Оставшиеся примерно три четверти объема рассказывается об ужасах оккупации на общем плане, и о том, как это происходило с отдельными персонажами - на локальном. Авторская оптика в изображении палачей и жертв практически не меняется, и это делает роман социо-антропологическим с точки зрения не той прикладной антропологии, какая вынесена в заглавие, но по классификации типажей. Вот палач-исполнитель циник Гарднер, а вот творчески подходящий к палачеству (как ни жутко звучит) деверь профессора Курцель, в прошлом аферист, пытавшийся выдать сфабрикованный череп за научную сенсацию - промежуточное звено эволюции, разоблаченный и с позором изгнанный Мезолье. Теперь он на службе у нацистов, преуспевает и ждет назначения на пост наместника оккупированной территории, явно наслаждаясь собственной, возведенной в абсолют, беспринципностью.

А вот персонажи, которых с определенной долей условности можно отнести к жертвам. Несгибаемый поклонник Сенеки профессор Мезолье. Его коллега коллаборационист Иоганн Ланэ, ныне главный редактор газеты, где работает Ганс. Его ученик, неистовый чех Ганка, человек честный и порядочный, который бурно реагирует на подлость оккупантов, попадает в застенки и там его ломают. Вот садовник Курц, читатель может догадаться, что он связан с сопротивлением и скорее всего агент советской России. А вот несгибаемый антифашист Войцик, который дорого продает свою жизнь, прихватив на тот свет главного палача.

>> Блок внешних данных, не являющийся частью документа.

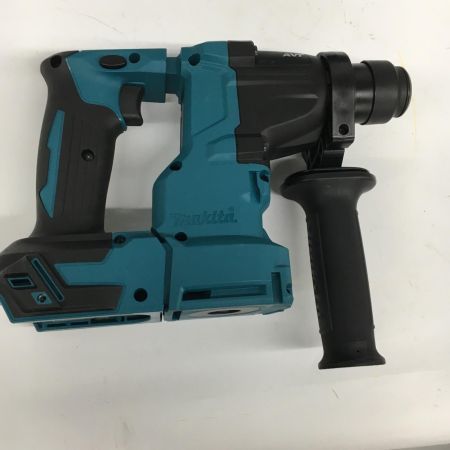  MAKITA マキタ 18mm 18v ハンマドリル サイドグリップ+ストッパボール付属 HR183DZK
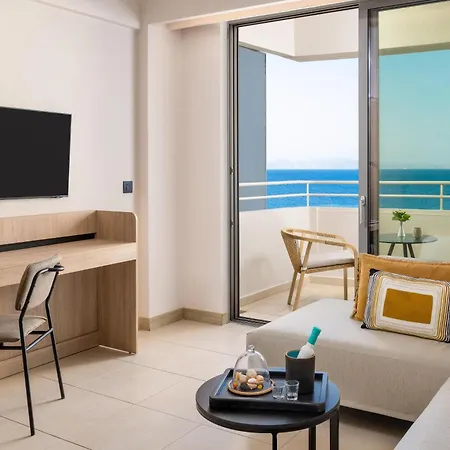 Electra Palace Rhodes Ialisos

Смотрите, сколько условных "нас" и сколько "их". Их меньше, но почему во все времена зло энергичнее и могущественнее добра? Почему мир так дико и странно устроен, что мерзавцы всегда при должностях и кормушке, а хорошие люди, если не в застенках, то на обочине жизни? Может быть потому, что незлобивость хороших, их склонность прощать делает зло безнаказанным. А если мы станем как они, не сделаемся ли мы ими? Эта проблематика, которая сложнее и шире любого "анти-": антивоенного, антифашистского, даже антисталинского - выводит роман на уровень философских обобщений, хотя не делает более читабельным.

Не самое легкое чтение, но если вы решитесь на него - можете поставить себе зачет по антропологии и философии.